À Marseille, le quartier fait partie de la chambre

Pour un indépendant marseillais, la ville ne doit pas servir de simple décor photogénique. Elle entre dans l’expérience: accès, environnement immédiat, circulation, ambiance, relations avec l’équipe et manière d’arriver à l’hôtel. Le brief donné à un influenceur devrait donc inclure tout ce qui peut modifier le choix du client, y compris les réalités moins gracieuses mais décisives.

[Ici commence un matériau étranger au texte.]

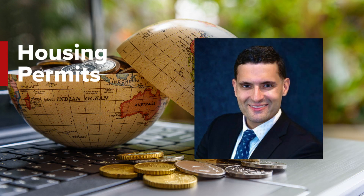I'm Senior Economist Jose Torres for Interactive Brokers, and I'll be explaining one of the leading indicators of the U.S. economy: housing permits.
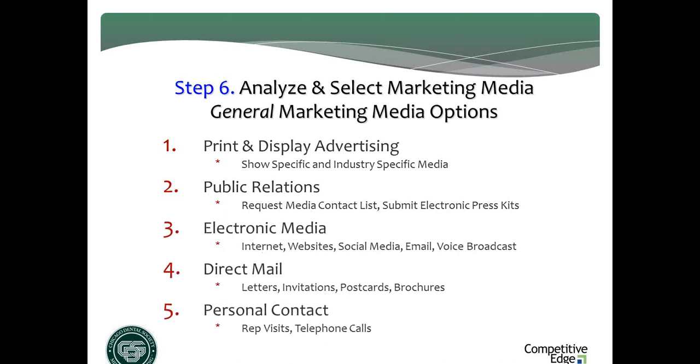Ideally you're going to want to be doing at least one thing in all five areas: advertising (both show-specific and industry), public relations/PR, electronic media (website, email, SEO, online directories, floor plans), mail — and I tell you, the clutter in the mailbox has gotten really light, it's a great time to get back into mail for trade shows — and personal contact from your staff, whether in-person visits, delivering expo passes, or phone calls. Try to do something in all five areas; the more you can do, the better.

La bonne collaboration montre le trajet, l’entrée, la matérialité des lieux et la vie du quartier. Elle ne transforme pas Marseille en carte postale. Elle permet au futur client de seprojeter — non pas dans une promesse idéalisée, mais dans un séjour dont il connaît déjà les lignes, les volumes et les contraintes. C’est là que le discours sur la génération Z devient utile: non pour employer un langage forcément plus jeune, mais pour accepter que la découverte passe désormais par plusieurs intermédiaires.

Pour un deux étoiles, le bon créateur n’est donc pas nécessairement celui qui apporte le plus d’attention, mais celui capable de rendre lisible une expérience et de la laisser se défendre seule. Si l’influence sert de lampe, elle révèle les volumes. Si elle se comporte comme un projecteur, elle peut aussi éclairer trop crûment les promesses non tenues.

Le signal donné par Hospitality Net vaut ainsi comme question de travail, et non comme conclusion: l’hôtel peut utiliser l’influence pour faire connaître son adresse — à condition de préférer la cohérence durable à l’image parfaitement conçue, mais légèrement fausse.